Но примерно то же писал и Гельбиг, отражая мнение императора Иосифа II: живописные селения были всего–навсего театральными декорациями; Екатерине несколько раз кряду показывали одно и то же стадо скота, которое перегоняли по ночам на новое место; в воинских магазинах мешки были наполнены не зерном, а песком [Брикнер, 101].
Но нельзя считать, что «таков был общий глас». Вовсе не легковерный принц де Линь, возвращаясь из Тавриды в Петербург, в Туле назвал рассказы о декорациях нелепой басней [Брикнер, 101] (из чего ясно, в частности, что миф о «потемкинских деревнях» — если не как фразеологизм, то как идея — современен самому событию).
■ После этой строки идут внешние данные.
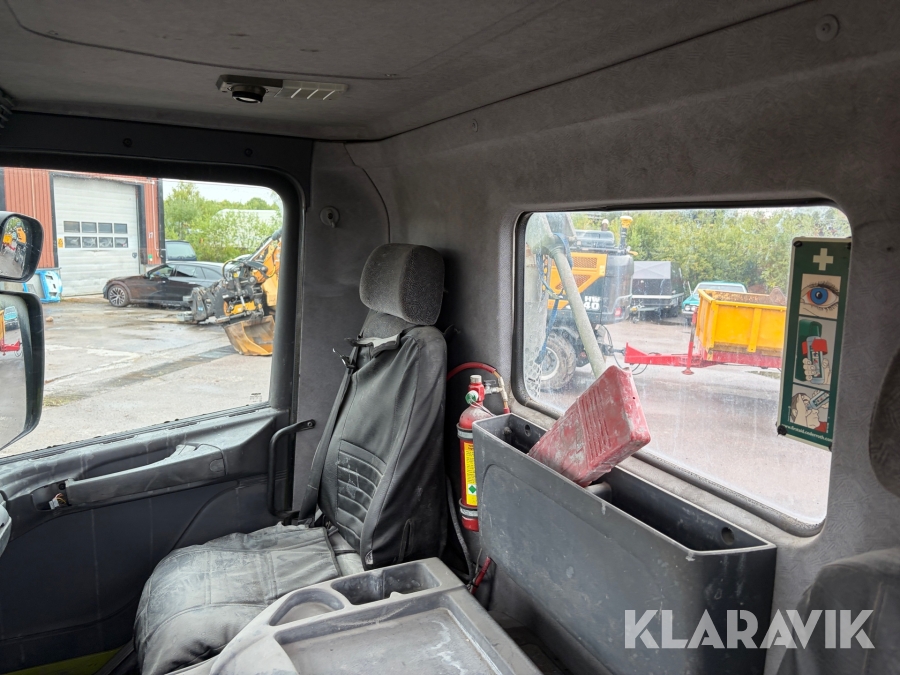 Lastbil 8x4 Scania 114C 380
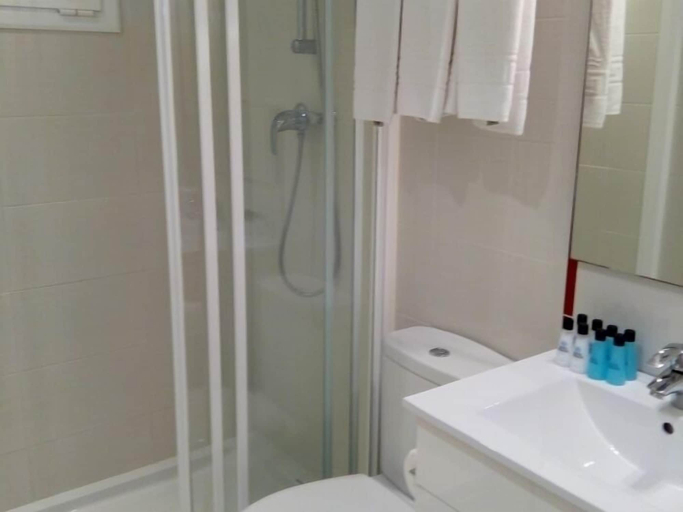 Bathroom, Apartamentos Delfin-Aromar-4, Girona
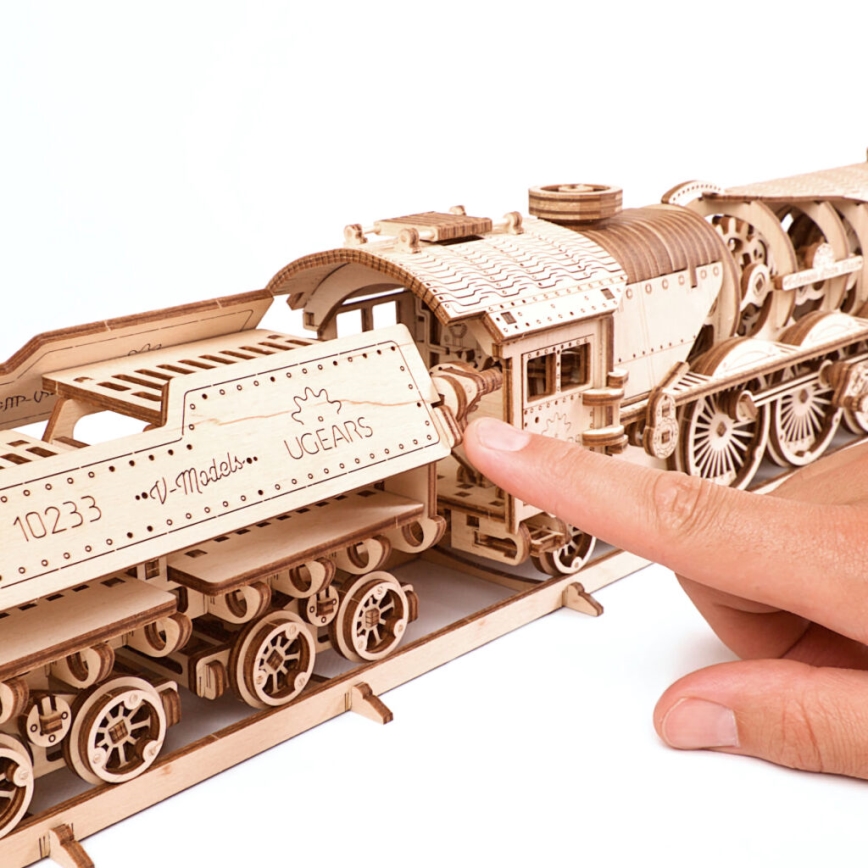 Ugears - 3D medinė mechaninė dėlionė V-Express garvežys su konkursu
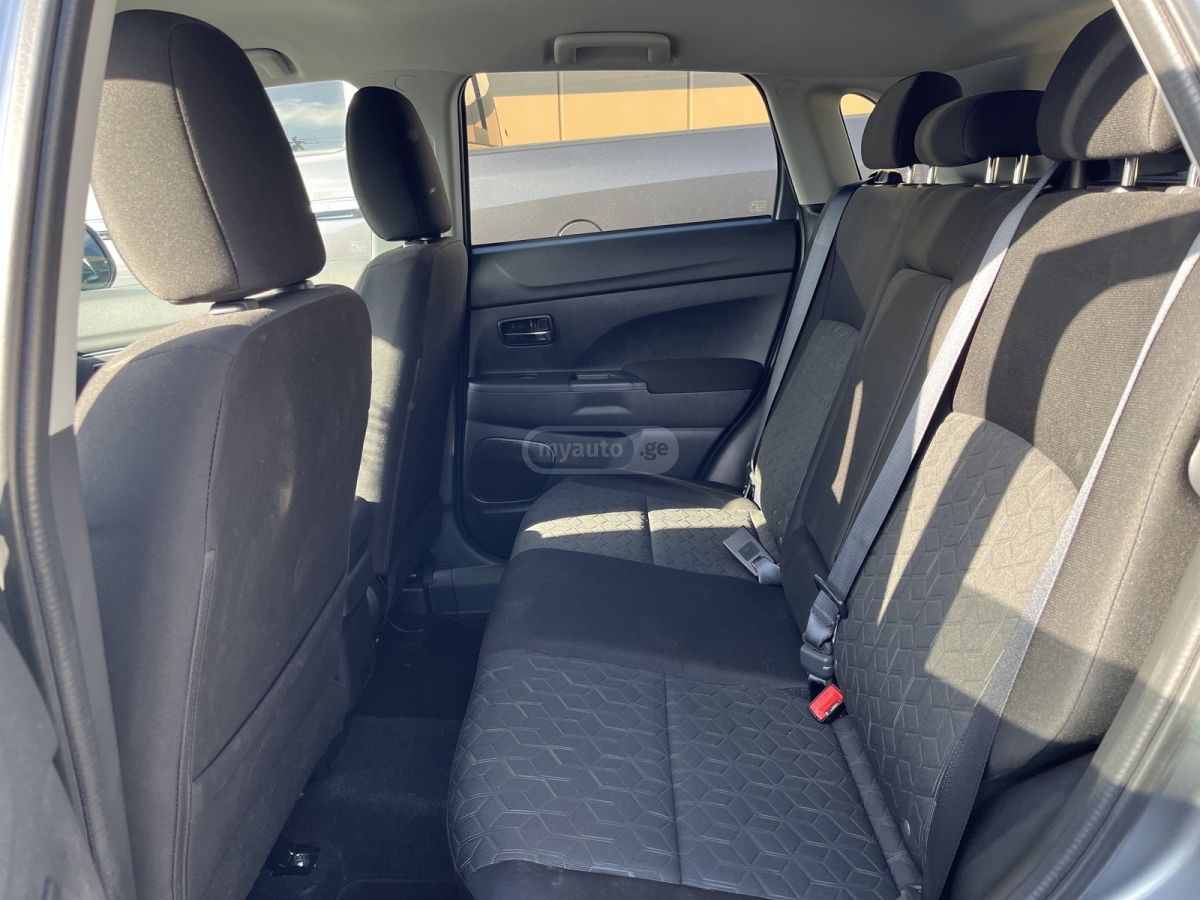 Mitsubishi Outlander Sport - фото 4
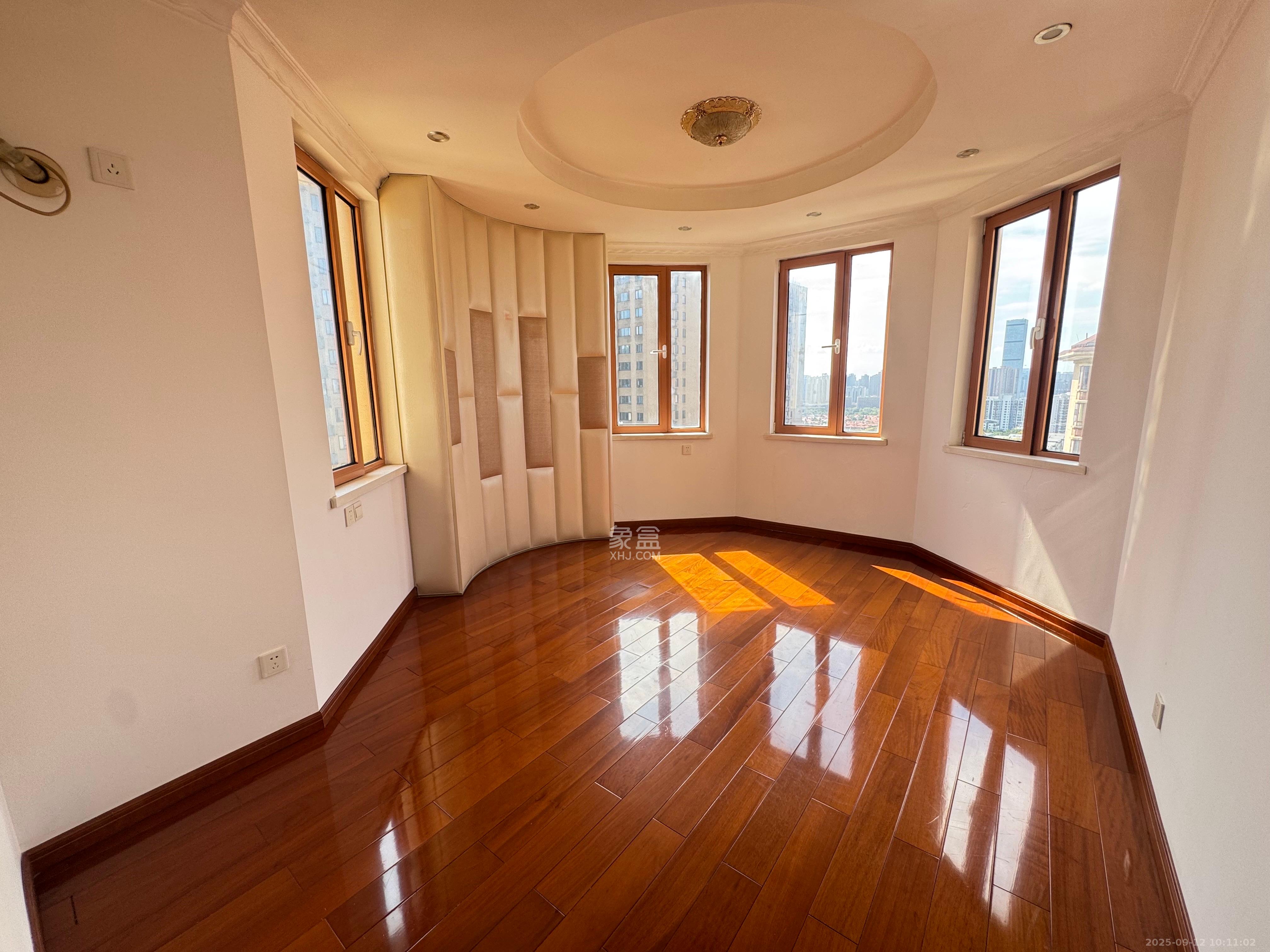 世嘉国际华城  4室2厅1卫    3800.0元/月 世嘉国际华城  4室2厅1卫    3800.0元/月室内图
Значит, даже в окружении «графа Фалькенштейна» не было единодушия по этому поводу. Вообще было бы наивно верить на слово как иноземным, так и русским хулителям Потемкина. Канцлер А. А. Безбородко всегда составлял ему оппозицию. Граф П. А. Румянцев, в качестве генерал–губернатора Малороссии, явился естественным соперником человека, которому было вверено новороссийское наместничество. Что до Μ. М. Щербатова, то его неприязнь к «прожектам» Екатерины и Потемкина достаточно хорошо известна. Поэтому нет резона относить на счет обыкновенного придворного интриганства слова последнего, когда он писал 17 июля 1787 г. императрице из Кременчуга: «Матушка государыня! Я получил ваше милостивое письмо из Твери. Сколь мне чувствительны оного изъяснения, то Богу известно. Ты мне паче родной матери, ибо попечение твое о благосостоянии моем есть движение, по избранию учиненное. Тут не слепой жребий. Сколько я тебе должен, сколь много ты сделала мне отличностей; как далеко ты простерла свои милости на принадлежащих мне, но всего больше, что никогда злоба и зависть не могли мне причинить у тебя зла и все коварства не могли иметь успеха (курсив мой. — А. П.)» [122].
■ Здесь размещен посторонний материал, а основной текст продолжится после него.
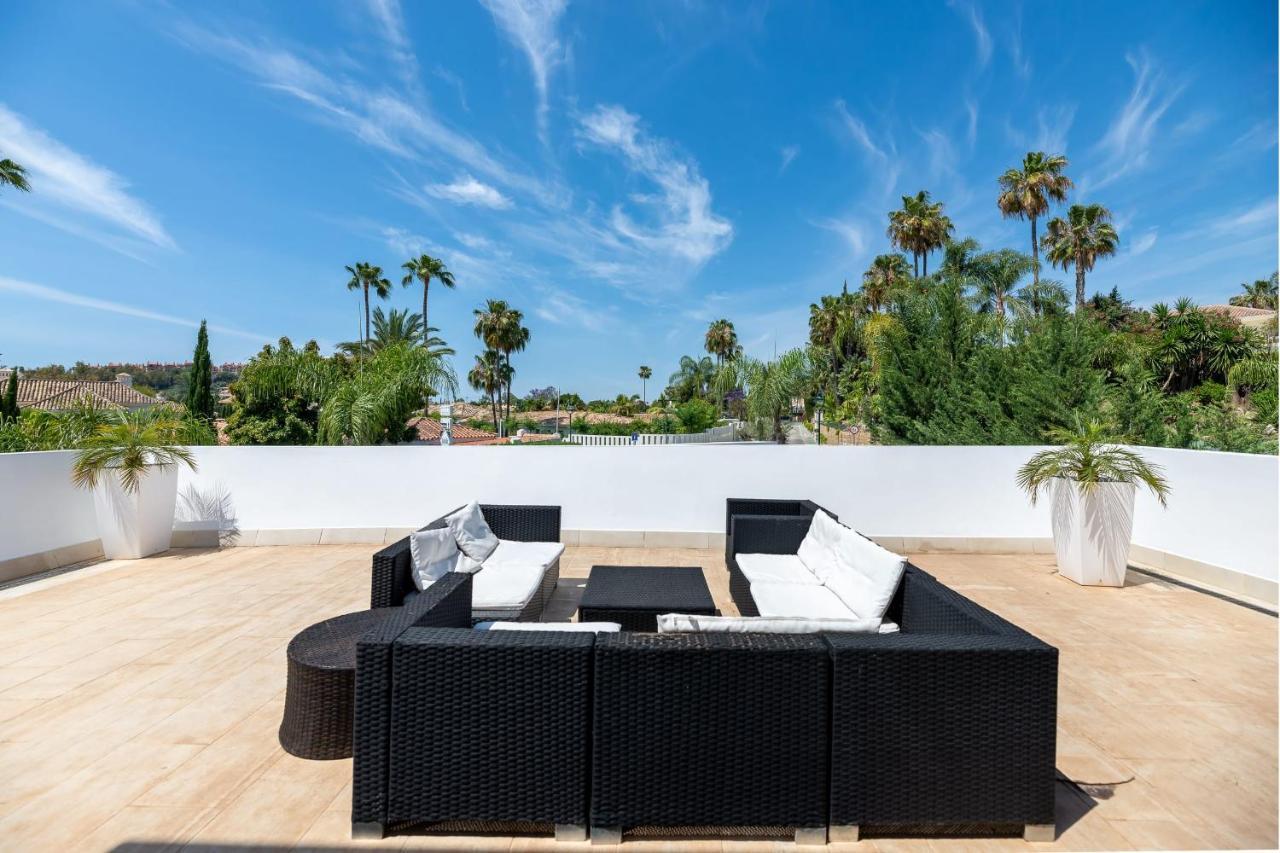 About Azur Villa *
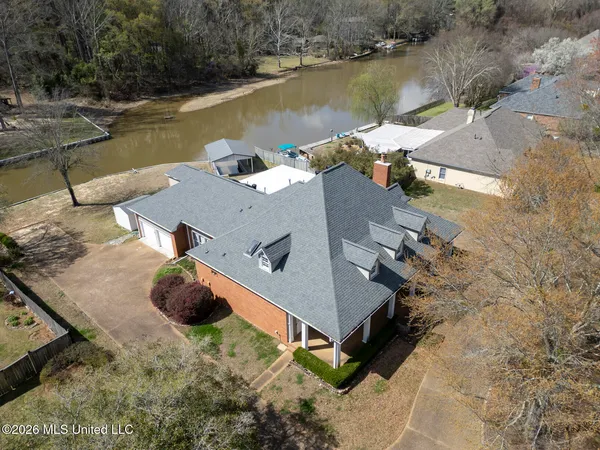 $697,000 | 105 Beaver Run Drive, Brandon, MS 39047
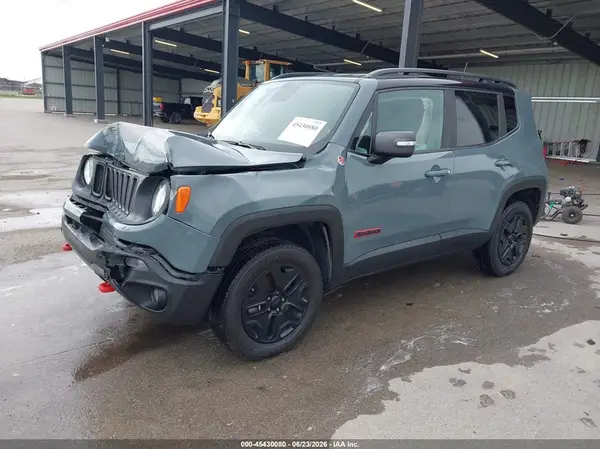 ZACCJBCB2JPH00987 2018 JEEP RENEGADE - Image 2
В связи с вышесказанным должно сделать заключение, что миф о «потемкинских деревнях» — именно миф, а не достоверно установленный факт. Как миф его и надлежит анализировать. В какой обстановке он возник и насколько соответствует реальности? Можно ли в толковании его ограничиться указанием на борьбу придворных группировок и «злобу и зависть» иностранных наблюдателей, т. е. недоброжелательство к постоянно усиливающейся России? Не было ли в «чудесах» Потемкина чего–то большего, нежели элементарное карьеристское желание угодить царице, посрамить своих многочисленных врагов и упрочить свое первенство в государстве? Наконец, как выглядят эти «чудеса» с культурно–исторической точки зрения, была ли лихорадочная колонизация Новороссии и Тавриды только цивилизационной деятельностью, не скрывался ли за нею некий «новороссийский прожект», подобный «греческому прожекту» канцлера А. А. Безбородко?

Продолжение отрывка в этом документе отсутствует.